I noticed some strange behaviour when viewing noisy images with Fiji.
I was able to reproduce the issue on a second machine as well using simulated noise.
The image below was produced by creating a new empty image (single channel 16bit, 3838x3710px) and then applying noise (“add specified noise” with std 250)
Eventhough the noise is i.i.d., when I zoom out I see a grid pattern with four maxima:
The pattern looks different when I use a different image size.
I’m thinking this might be a strange optical illusion/visualisation artifact. I’ve just done the same thing you did and had the same impression, but then I plotted the profile of a line drawn diagonally through the image:
I’m not sure if I see anything untoward there. To double-check, I’ve tried fitting a high-order polynomial to the profile and got what was essentially a horizontal line, with any other coefficient being very small. It’s a strange one!

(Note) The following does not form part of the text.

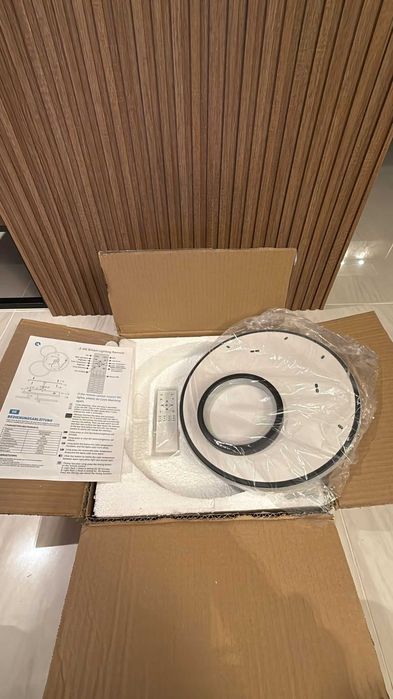 Plafonieră cu 4 inele și telecomanda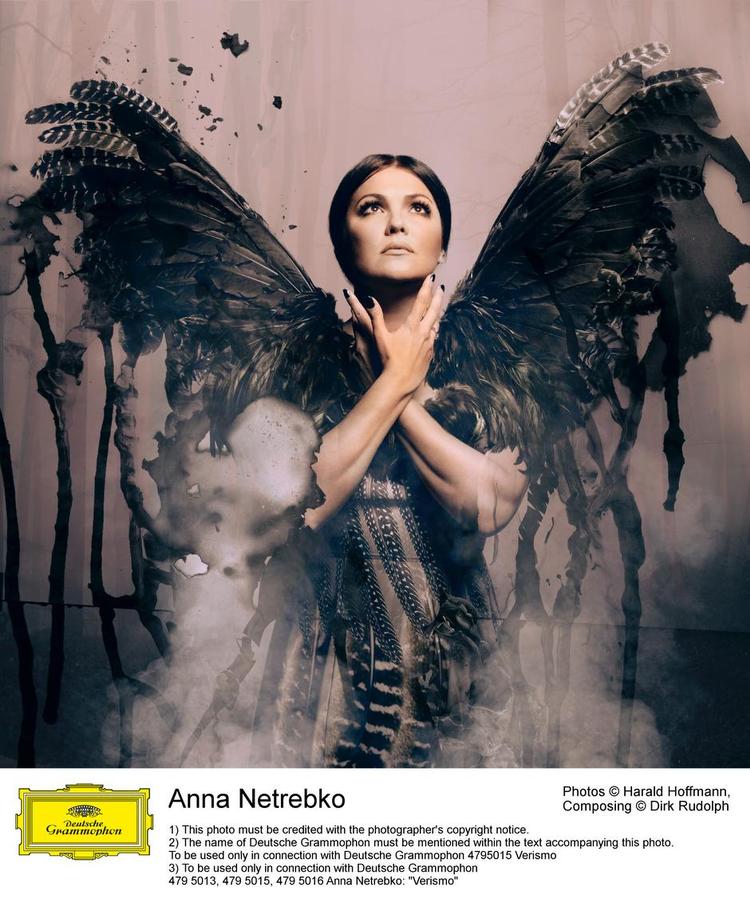 Dramatisk. De sorte fjer på coverbillederne fra Netrebkos album har ikke meget med dets tragiske og dramatiske, men helt anderledes realistiske indhold at gøre. Foto: Harald Hoffmann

I opend the screenshot from above in Fiji and looked at the histograms in the center and at one of the maxima. I do not think this is an optical illusion. I think it is a display problem involving the zoom, like schmiedc suggested.
The original image is a checkerboard where the grayscale
alternates between two values from pixel to pixel.
The next image is the checkerboard downscaled by an
exact factor of eight to 512x512. In this case there is no
moire pattern (or, if you will, the length scale of the moire
pattern goes off to infinity).
The following three images are the original image downscaled
by successively smaller factors slightly less than eight. They
show moire patterns of (as is to be expected) decreasing
So when you zoom out of an image (or Fiji zooms out for you
to fit the image on your screen), resize() (or some near
equivalent) is called, potentially producing this sort of moire
pattern. It’s less obvious in the “noise” image, but the regular
pixel structure of the noise is enough to produce one.